Adjuvant radiotherapy should be considered to optimize locoregional control. A review of the literature offers no formal guidance on radiotherapy dose, fractionation and treatment fields in this setting. Treatment fields have ranged from incorporating the tumour bed alone to inclusion of the ipsilateral uninvolved breast, axilla and supraclavicular fossa, even in the absence of nodal metastases [5, 7, 8]. Our team made the decision to treat the tumour bed alone, as irradiation of the ipsilateral breast or axilla in the absence of disease was unlikely to improve local control further, and would contribute to increased toxicity, particularly cosmetic.

Electron therapy allowed the treatment of the tumour bed effectively to the desired depth, without undue toxicity, although the superior margin of the field overlapped with the inferior part of the ipsilateral breast (see Fig. 2). Doses used in the literature range from 50 to 66 Gy in 2-Gy fractions [7, 8]. We delivered a dose of 40 Gy in 15 fractions: a standardized dose for breast radiotherapy in the UK following the results of the START B trial. [10].

Figure 2:

Clinical photograph illustrating the acute radiation reaction on patient's skin at completion of her electron beam therapy.

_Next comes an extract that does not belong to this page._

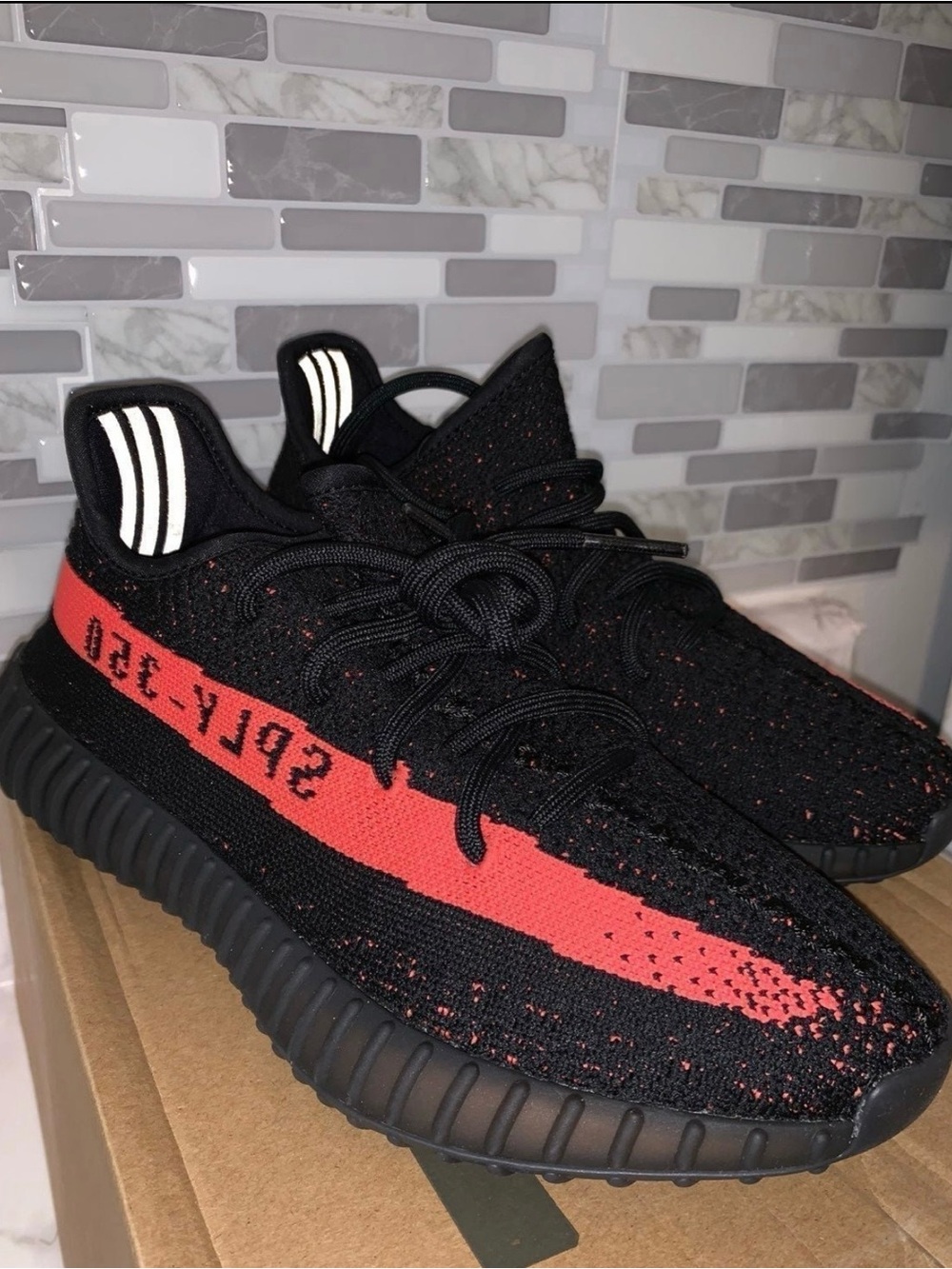 Yeezy Boost 350 V2 Core
Black Red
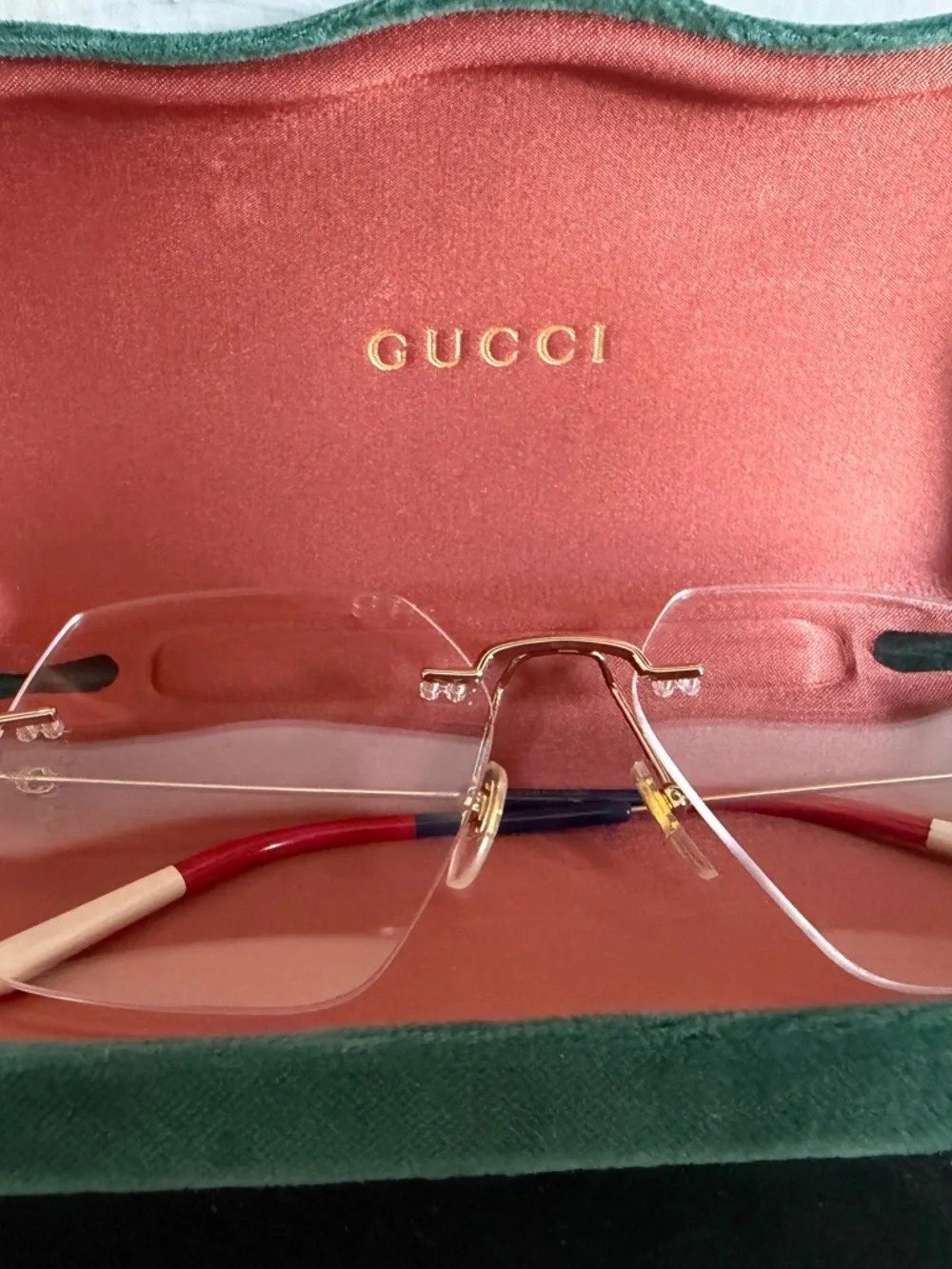 Gucci Hexagon Rimless Sunglasses with Gold Bridge and Clear Lens with Gucci logo - Picture 2 of 4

Prognosis for ectopic breast carcinoma is similar to that of an equivalent breast carcinoma [5]. However, due to its late presentation, delay in diagnosis and difficulty in screening, both lymph node and distant metastasis are more prevalent at diagnosis which impacts on prognosis [5, 10]. Additionally, due to the small size of the gland early infiltration of the skin and chest wall is a feature.

This case describes a rare diagnosis of an inframammary ectopic breast carcinoma treated with wide local excision, adjuvant radiotherapy and hormone therapy. This case highlights the importance of a high index of suspicion for investigating masses or ectopic breast tissue along the galactic line, and the importance of MRI staging prior to considering surgical and oncological options. Electron therapy can be delivered safely, reducing treatment field size and subsequent late cosmetic effects.

CONSENT

Written informed consent was obtained from the patient for publication of this case report and case series and accompanying images. A copy of the written consent is available for review by the Editor-in-Chief of this journal on request.